When we look at the offerings of non-whole life cash value products, we have the Universal Life family of products which includes Guaranteed UL, Current Assumption (traditional) UL and Indexed UL.  We also have the Variable Life products, which are securities based contracts, and this category includes Private Placement Life Insurance.

Something very important to understand is that most modern life insurance products, Whole Life, UL & Variable, can be “built” in almost innumerable ways.  This allows significant flexibility regarding putting together a policy which best fits the needs of a particular individual but it can also make things so complicated that it is difficult, if not impossible, for consumers and advisors to understand.  It also makes insurance a bit of a black box which can be manipulated.  In many situations, there really isn’t such a thing as sitting down at a computer and inputting basic data to see what a million dollars of insurance on a given individual costs.  There are numerous decisions to be made before the computer starts calculating.  This is about as different from the “rate book era” as we can get.  What is fixed and what is variable and what is built on assumptions is very different from the old days, even in “fixed” products.

This is also why the modern game of spreadsheeting and commoditization can be so dangerous relative to making insurance decisions.  For most modern life insurance, a mindset of trying to pay the least possible will often have unintended negative consequences.

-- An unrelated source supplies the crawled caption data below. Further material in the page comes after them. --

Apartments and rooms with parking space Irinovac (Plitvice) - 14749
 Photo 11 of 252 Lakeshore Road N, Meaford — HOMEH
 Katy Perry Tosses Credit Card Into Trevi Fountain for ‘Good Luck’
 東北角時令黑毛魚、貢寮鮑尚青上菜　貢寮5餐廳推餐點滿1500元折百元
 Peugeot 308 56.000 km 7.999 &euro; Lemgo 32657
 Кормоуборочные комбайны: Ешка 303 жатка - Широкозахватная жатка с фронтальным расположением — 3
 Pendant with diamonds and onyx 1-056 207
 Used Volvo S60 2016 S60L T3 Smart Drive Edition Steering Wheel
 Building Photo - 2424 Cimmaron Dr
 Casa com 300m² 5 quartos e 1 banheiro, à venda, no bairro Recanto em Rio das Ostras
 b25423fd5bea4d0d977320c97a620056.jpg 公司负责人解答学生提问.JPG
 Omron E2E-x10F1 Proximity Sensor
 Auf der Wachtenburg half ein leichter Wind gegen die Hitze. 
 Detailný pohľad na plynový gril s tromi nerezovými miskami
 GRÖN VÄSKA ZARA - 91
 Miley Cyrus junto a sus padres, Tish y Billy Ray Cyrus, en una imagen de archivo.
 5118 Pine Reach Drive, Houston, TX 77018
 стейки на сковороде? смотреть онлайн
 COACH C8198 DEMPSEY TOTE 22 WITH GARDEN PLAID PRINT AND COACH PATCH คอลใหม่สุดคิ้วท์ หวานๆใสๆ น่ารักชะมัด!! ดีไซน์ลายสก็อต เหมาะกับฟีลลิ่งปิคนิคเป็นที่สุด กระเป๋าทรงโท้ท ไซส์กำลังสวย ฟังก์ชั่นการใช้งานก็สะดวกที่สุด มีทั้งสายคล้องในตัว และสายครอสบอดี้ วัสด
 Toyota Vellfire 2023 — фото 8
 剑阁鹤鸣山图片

It is important to understand that a single contract can be built many different ways resulting in many different outcomes concerning the return on premium relative to cash value or death benefit.  A given contract could be sold for death benefit purposes or cash value purposes with the same death benefit having very different premium structures.  Someone utilizing a particular product primarily for death benefit will likely realize a different IRR on premium to cash value than someone using the same product predominantly for cash value accumulation.  This is something that should always be clearly explained in the sales process but it often is not.

I am focusing on this because as soon as I relate the financial dynamics of a particular transaction, someone will inevitably state that theirs doesn’t work that way or it can be built much better.  I know that.  However, I am trying to make a point about the all too often insinuation that A plus B equals C when it doesn’t always add up.  Realize that often this rub is not as much about what is said as it is about what is not said.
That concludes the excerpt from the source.